From kc@ipn.caida.org Tue Mar 31 15:31:22 1998
Date: Tue, 31 Mar 1998 10:32:50 -0800
From: k claffy <kc@ipn.caida.org>
To: brad <bhuffake@sdsc.edu>
Subject: made some changes to dw's adds, can you replace?


I added paragraphs 2,3,4 and modified 5.

Data
--------------------

total number of HTTP requests.  

One restriction of the ``Planet Cache'' visualization
was that we could only show our direct neighbor caches (i.e.
the other caches which connect to ours), since we were 
limited to data generated from only our daily access logs.

With Plankton, however, we are able to see much more than
our direct neighbors.  
We modified Squid to log the X-Forwarded-For header 
from HTTP requests, which allows us to retain knowledge of 
the identity of our client's clients, and so on.  This header,
invented for Squid, lists the IP addresses of the requesting
client(s).  Each cache (optionally) appends the requesting
client's IP address to this list.  A cache administrator
may choose to not add its client's address, in which 
case the label `unknown' will appear instead.
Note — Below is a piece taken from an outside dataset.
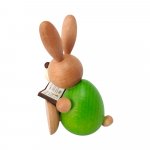 Easter bunny sitting with book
The first address in the X-Forwarded-For header is most
likely a Web browser (the end user).  Because we are only interested
in visualizing Web caches, not end user browsers, 
we remove the first address of every list.  Additionally, 
because Squid logs the X-Forwarded-For information
as received from the client, it does not include our 
cache's own IP address, so we append this latter address
to the list.

To create a complete view of the hierarchy, we combine 
data from all 7 NLANR caches, with resulting file sizes 
that range from 2 to 4 Mbytes, large enough to render download
times problematic.  These data sets also contain fully qualified domain
names (hostnames) of caches within the hierarchy.  We realize that many
people use Web proxies to achieve some level of anonynimity.  Thus, to
protect their privacy and identities, we only make smaller, filtered
versions of Plankton data available for public consumption.